Step by step solution
01
Identify Sublevel Designation for Part (a)
For part (a), given parameters are: principal quantum number, \(n=4\) and the azimuthal quantum number, \(l=2\). Utilize the relationship between \(l\) and respective sublevel designation where \(l=0\) denotes \(s\), \(l=1\) denotes \(p\), \(l=2\) denotes \(d\), and \(l=3\) denotes \(f\). Henceforth, for \(l=2\), the sublevel designation is \(d\). Therefore, the sublevel designation is 4d.
02
Identify Allowable \(m_{l}\) Values for Part (a)
For \(l=2\), the values of \(m_{l}\) can range from \(-l\) to \(+l\), i.e., \(m_{l} = -2, -1, 0, +1, +2\).
03
Identify Number of Orbitals for Part (a)
The number of orbitals in a sublevel is determined by the number of possible \(m_{l}\) values. Here, there are 5 possible values of \(m_{l}\): \(-2, -1, 0, +1, +2\). Thus, there are 5 orbitals.
04
Identify Sublevel Designation for Part (b)
For part (b), given parameters are: \(n=5\) and \(l=1\). The sublevel designation for \(l=1\) is \(p\). Therefore, the sublevel designation is 5p.
05
Identify Allowable \(m_{l}\) Values for Part (b)
For \(l=1\), the values of \(m_{l}\) can range from \(-l\) to \(+l\), i.e., \(m_{l} = -1, 0, +1\).
06
Identify Number of Orbitals for Part (b)
The number of orbitals in a sublevel is given by the number of possible \(m_{l}\) values. Here, there are 3 possible values of \(m_{l}\): \(-1, 0, +1\). Consequently, there are 3 orbitals.
07
Identify Sublevel Designation for Part (c)

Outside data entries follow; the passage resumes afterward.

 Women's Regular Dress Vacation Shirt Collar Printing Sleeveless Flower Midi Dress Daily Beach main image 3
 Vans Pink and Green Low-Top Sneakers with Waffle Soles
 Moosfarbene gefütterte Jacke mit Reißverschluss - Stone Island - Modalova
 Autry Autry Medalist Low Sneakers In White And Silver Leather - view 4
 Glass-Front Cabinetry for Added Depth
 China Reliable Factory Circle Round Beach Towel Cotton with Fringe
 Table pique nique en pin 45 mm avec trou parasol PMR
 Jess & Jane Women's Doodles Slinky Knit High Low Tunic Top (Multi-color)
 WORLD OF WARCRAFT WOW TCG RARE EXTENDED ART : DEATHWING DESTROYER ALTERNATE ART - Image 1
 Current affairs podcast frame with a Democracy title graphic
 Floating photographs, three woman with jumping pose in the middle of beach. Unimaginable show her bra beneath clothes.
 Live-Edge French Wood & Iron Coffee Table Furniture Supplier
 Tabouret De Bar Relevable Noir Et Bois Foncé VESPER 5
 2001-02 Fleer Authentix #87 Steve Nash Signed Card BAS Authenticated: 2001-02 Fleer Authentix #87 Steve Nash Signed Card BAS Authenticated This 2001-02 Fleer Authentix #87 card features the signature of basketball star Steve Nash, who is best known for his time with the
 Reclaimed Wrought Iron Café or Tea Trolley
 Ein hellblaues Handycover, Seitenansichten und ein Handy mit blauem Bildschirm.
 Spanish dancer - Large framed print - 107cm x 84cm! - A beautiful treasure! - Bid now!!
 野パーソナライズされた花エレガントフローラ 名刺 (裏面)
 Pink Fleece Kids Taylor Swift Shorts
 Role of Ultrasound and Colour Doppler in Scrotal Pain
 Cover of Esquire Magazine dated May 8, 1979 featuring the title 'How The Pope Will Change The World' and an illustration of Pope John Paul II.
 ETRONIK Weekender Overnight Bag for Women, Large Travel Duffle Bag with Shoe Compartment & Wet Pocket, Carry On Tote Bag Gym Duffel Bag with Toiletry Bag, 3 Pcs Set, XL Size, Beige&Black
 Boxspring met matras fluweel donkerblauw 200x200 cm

For part (c), given parameters are: \(n=6\) and \(l=3\). The sublevel designation for \(l=3\) is \(f\). Therefore, the sublevel designation is 6f.
08
Identify Allowable \(m_{l}\) Values for Part (c)
For \(l=3\), the values of \(m_{l}\) can range from \(-l\) to \(+l\), i.e., \(m_{l} = -3, -2, -1, 0, +1, +2, +3\).
09
Identify Number of Orbitals for Part (c)
The number of orbitals in a sublevel is determined by the number of possible \(m_{l}\) values. Here, there are 7 possible values of \(m_{l}\): \(-3, -2, -1, 0, +1, +2, +3\). Thus, there are 7 orbitals.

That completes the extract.